The narrations and sharing contained in this text help to understand that, though there may be a multiplicity of situations, approaches and initiatives, the social dimension is the horizontal axis of all ministry, in the sense that every service, understood as a gift from God, by its own intrinsic power, proclaims the liberation of the oppressed, The year of grace” (Lk 4,18-19) and reveals to the peoples a new heaven and a new earth” (Rv 21,1) in the original and providential plan of God.

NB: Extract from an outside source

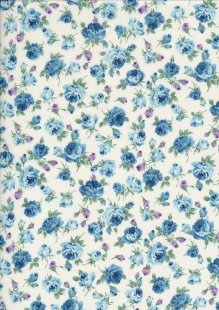 Sevenberry Japanese Ditsy Floral - Vintage Rose Blue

The account of the praxis of social ministeriality, therefore, enriches the reference paradigm of the mission that is ever more incarnated in the complexity of the world of today and attentive to the signs of the times and places, so as to be able to re-announce to all peoples the faith in Jesus Christ, using appropriate languages and modes of presence.

The process under way will be long and gradual but it may avail itself of some themes and suggestions brought out in this and other sharing that will be expressed in the general mapping of the Comboni Family. It is also planned to have a time for recollection, deepening, synthesis, discernment and the re-launching of the Comboni Social Ministry in Rome, in December 2020.

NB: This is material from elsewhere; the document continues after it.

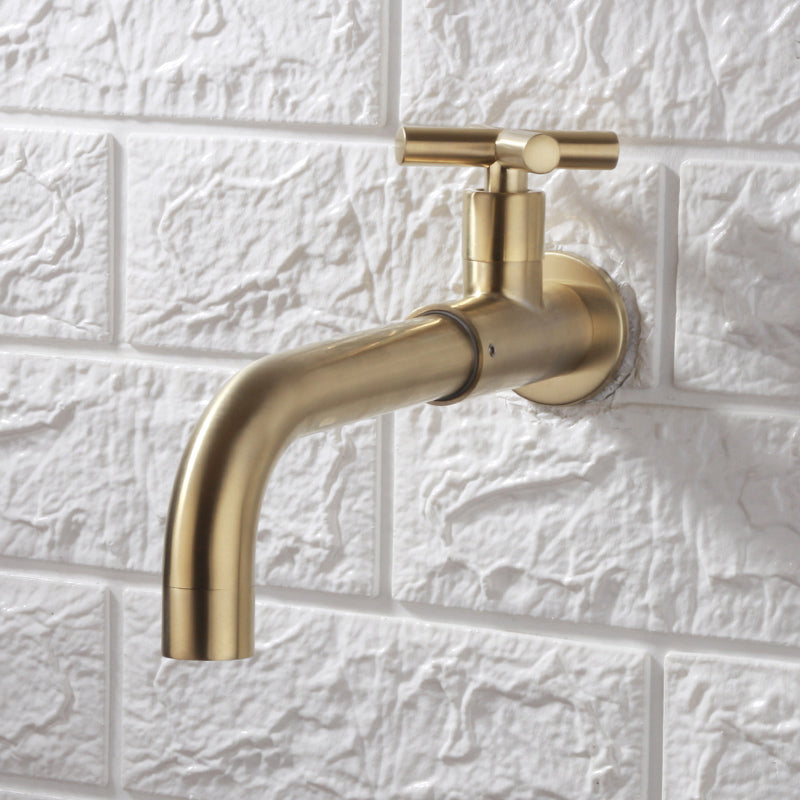 Contemporary Wall Mounted Bathroom Faucet Cross Handle Solid Brass Faucet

The starting point is not mere emptiness or just theories but events that have been lived and narrated in the daily life of the Comboni mission; they may be summarised as follows:

Seeing: with penetrating eyes and an open heartto receive the challenges and opportunities for announcing the Gospel.

Being neighbourly: in the dynamic of a missionary Church that is “going out”, that lives in the peripheries and touches the wounds of the brothers and sisters, taking upon itself the odour of the sheep and the lifestyle of the poor.

Encountering: living and promoting the mystic of encounter. Professing catholicity and shortening the distance between faiths and cultures, by means of dialogue and ecumenism, towards global fraternity.

Regenerate: allowing ourselves to be challenged by reality and making ourselves busy looking for the five loaves and two fish of the little ones, the widow’s mite and water for the purification of the peoples.

Transforming: there is no more time for modifications; it is time for change! It is time to confront the causes that generate inequality between peoples and the throwaway culture.

Celebrating: All that gives consistency to social ministry and configures the men and women disciples to the Paschal Mystery of Christ which supports the faith in the daily life of the mission.

Setting out once again: Under the gaze of the Spirit, there is no longer room for self-glorification or vainglory; all is tested in the flames of the fire that purifies and moves to dare to set out once again, taking unknown pathways and roads since the ways of God are forever more and more.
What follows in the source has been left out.